So, when the Covid-19 pandemic came upon us, the literature, you know, indicated that persons with disabilities, for a variety of different reasons, are more susceptible and vulnerable to the virus. They’re more susceptible to catching the virus. And they’re also at a higher risk of major complications, hospitalization, and fatality due to their viral infection in Covid-19.
One of the ways in which the persons with disabilities are more susceptible and more vulnerable to catching the virus was that those folks that live in facilities and congregate settings – like assisting facilities, group homes, nursing homes – live amongst other people. And we know that, you know, that carries a risk.
Also, they’re… they often have multiple conditions, preexisting conditions, if you will. That also puts them at a greater risk of contracting and having complications with the virus. Plus, also, in those settings, staff come in and out and are going in and out of rooms, for example or may see multiple individuals for different services throughout the day.
And, at the end of the day, end of their shift, they’ll go home, rope into the community. And then their shift starts the next day. They’ll come back into the facility or the group home or the congregate living facility. And, so, there’s always a constant risk of exposure. Internally and externally. So, we were really concerned, as an organization, of how, you know, Nebraskans with disabilities in general and particularly those individuals with disabilities who live in those type of settings were faring during the pandemic, you know. What, what’s the impact? What’s the scope? How, you know, what size are we talking about? You know, what, what, where are we at? How… what’s the infection rate, those sort of things.
And, you know, in our initial research, we noted that there were several initial outbreaks. Blair, Nebraska, I think was the first one that we were aware of, here in Nebraska, where they had significant outbreaks and viral infections in nursing homes, assisted living facilities, and they had deaths.

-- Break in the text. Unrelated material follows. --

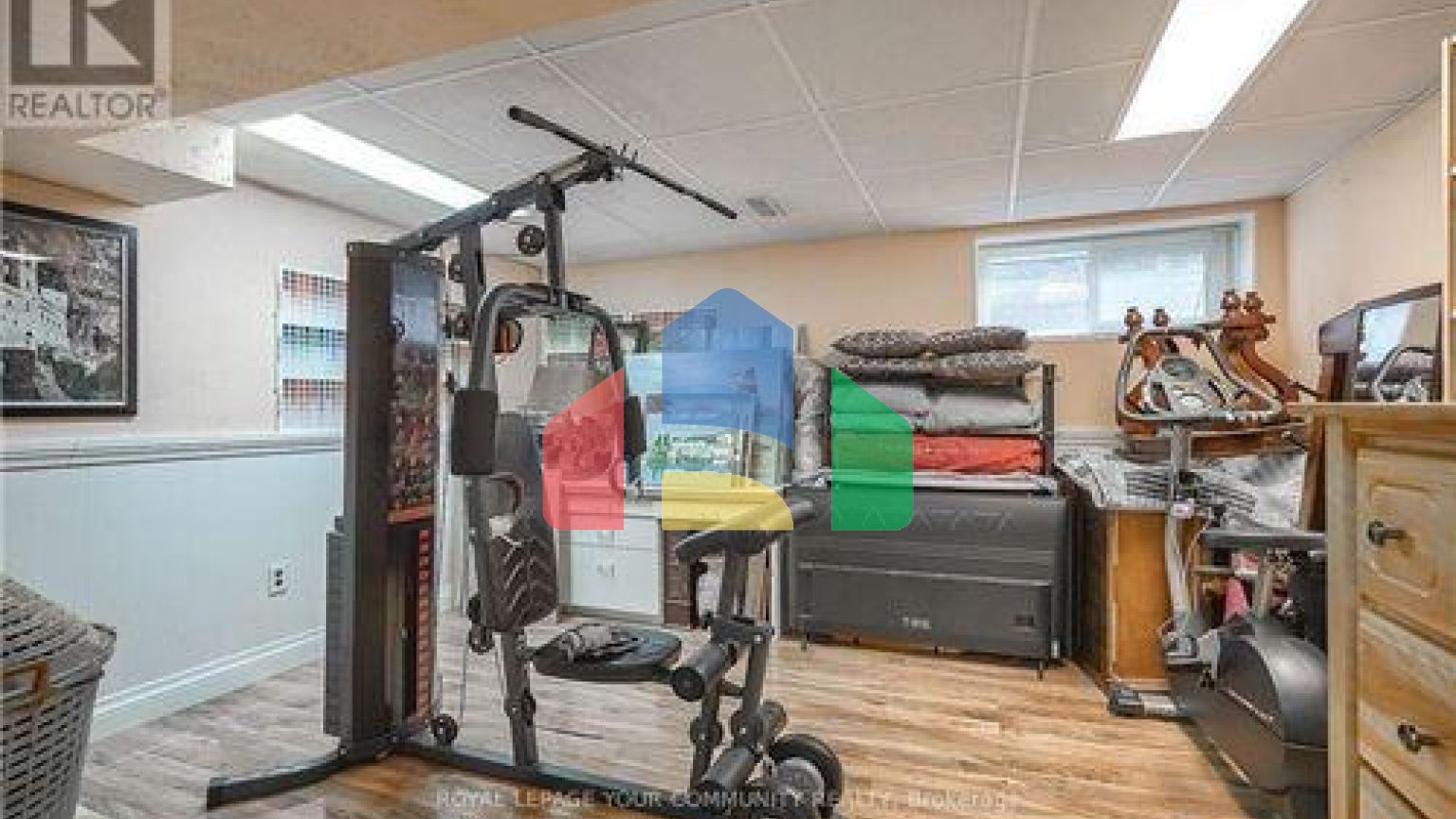 Residential - Single Family Home - Toronto, Canada - Canada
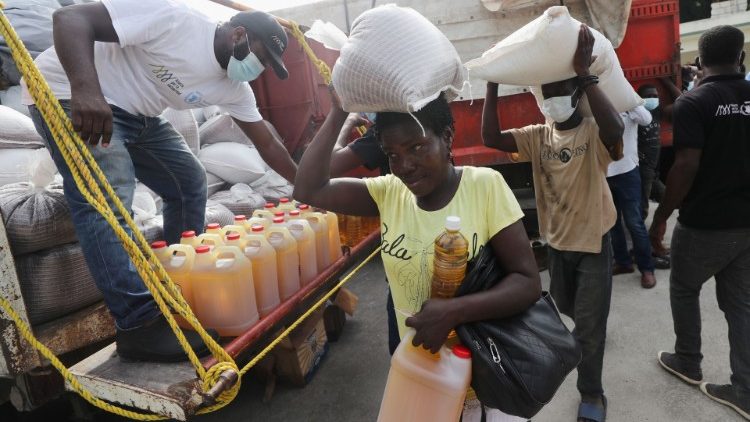 Des habitants de Camp-Perrin reçoivent de l'aide du Programme alimentaire mondial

So, we were really concerned about those folks that were living in those situations, given their unique vulnerabilities. And, so, we were concerned initially about the test Nebraska testing program. And we had produced a report around that particular program and its impact and accessibility for persons with disabilities.What we found was that the testing in Test Nebraska was not as accessible and left a lot of person’s disabilities out. For example, persons who… the Test Nebraska registration had to be done on the internet. Well, if you didn’t have internet, you were gonna have difficulty registering for the program.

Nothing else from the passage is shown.